Software requirements analysis is the set of activities that has the following goals:

• Observation and rectification of conflicts in requirements
• Identifying the boundaries of the software product, and defining interaction with the environment
• Detailed description of system requirements with the goal to identify software requirements

The basic activities in a phase of software requirements analysis are:

• **System Definition Document**. This document is also called a User Requirements Document or a Document or concept of operations document. This document contains a description of the problem domain, the goal of software design, and a description of limitations and assumptions that affect software design. This document also can contain conceptual models of the system, environment, entities, and users.
• **System Requirements Specification**. This document contains a description of system elements that are not the software: operating system, hardware, etc.
• **Software Requirements Specification**. This document represents the basis for signing the contract between an organization that is a purchaser of the software and an organization that produces the software.

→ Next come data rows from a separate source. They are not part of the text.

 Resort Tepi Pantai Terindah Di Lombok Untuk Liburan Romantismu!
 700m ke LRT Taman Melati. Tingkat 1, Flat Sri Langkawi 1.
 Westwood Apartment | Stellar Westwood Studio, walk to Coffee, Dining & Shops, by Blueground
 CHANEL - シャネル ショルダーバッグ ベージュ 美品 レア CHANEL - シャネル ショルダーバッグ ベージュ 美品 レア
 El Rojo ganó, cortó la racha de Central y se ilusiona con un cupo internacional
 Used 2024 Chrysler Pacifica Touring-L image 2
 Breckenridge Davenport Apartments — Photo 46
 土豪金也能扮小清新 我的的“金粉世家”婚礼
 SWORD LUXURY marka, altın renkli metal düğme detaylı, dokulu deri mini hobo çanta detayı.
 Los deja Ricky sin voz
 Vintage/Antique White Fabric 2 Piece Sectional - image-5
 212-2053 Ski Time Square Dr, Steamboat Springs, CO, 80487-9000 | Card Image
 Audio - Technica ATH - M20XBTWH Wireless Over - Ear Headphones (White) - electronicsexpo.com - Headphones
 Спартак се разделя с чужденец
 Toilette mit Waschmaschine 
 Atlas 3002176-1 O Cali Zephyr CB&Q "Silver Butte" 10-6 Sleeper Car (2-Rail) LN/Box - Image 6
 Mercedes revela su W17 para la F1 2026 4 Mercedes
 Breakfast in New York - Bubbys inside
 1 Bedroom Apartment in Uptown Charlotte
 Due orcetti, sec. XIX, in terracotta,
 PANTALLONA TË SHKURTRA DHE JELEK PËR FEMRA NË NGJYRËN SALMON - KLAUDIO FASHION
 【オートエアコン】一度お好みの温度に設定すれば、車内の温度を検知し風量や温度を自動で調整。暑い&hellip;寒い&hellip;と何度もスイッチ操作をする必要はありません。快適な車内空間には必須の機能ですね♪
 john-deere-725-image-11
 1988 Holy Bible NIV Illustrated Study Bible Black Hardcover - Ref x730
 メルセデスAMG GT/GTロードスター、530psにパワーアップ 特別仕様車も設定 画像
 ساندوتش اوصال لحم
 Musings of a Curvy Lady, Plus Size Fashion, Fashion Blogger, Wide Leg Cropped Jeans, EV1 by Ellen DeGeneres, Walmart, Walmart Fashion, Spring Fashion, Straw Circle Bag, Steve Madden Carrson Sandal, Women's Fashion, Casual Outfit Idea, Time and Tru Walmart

The document contains a detailed description of software requirements, estimated deadlines, identified limitations, risks, as well as a plan of the software and requirements verification and validation.

### Requirements Validation

Requirements validation provides achievement of the following goals:

• Check if all requirements are well interpreted by software engineers/developers
• Check if created documents with requirements specification are adjusted with the standards of an organization that produces the software
• Check if requirements are consistent, clear and complete

Techniques for requirements validation are:

• **Requirements Reviews**. This technique usually includes several people that review the documentation, checklist, as well as rules for documentation reviews.
• **Prototyping**. This technique provides the check if software engineers/developers understood requirements specification. Also, the technique provides the acquisition of feedback information about the specification that allows the check if specification satisfies user requirements.
• **Model Validation**. Model validation makes sense when the formal analysis is done, and when the specification is done by the use of the standard formal modelling techniques. Model validation is usually done by special modelling tools.
• **Acceptance Tests**. The basic assumption in the design and implementation of the software requirements process is to get a product (software requirements specification), that can be checked. Acceptance tests are created for functional requirements and software users also participate in their creation.

## Conclusion

The question is, why should you care about software requirements engineering?

If you (as an organization or an individual) plan to design a large-scale software system, then software requirements engineering is recommended as the first phase of the software life cycle. On the other hand, if you plan to design a short-term software project (e.g. freelance software project) that needs to be done ad-hoc and quickly, then probably you won't have the time to deal with software requirements engineering.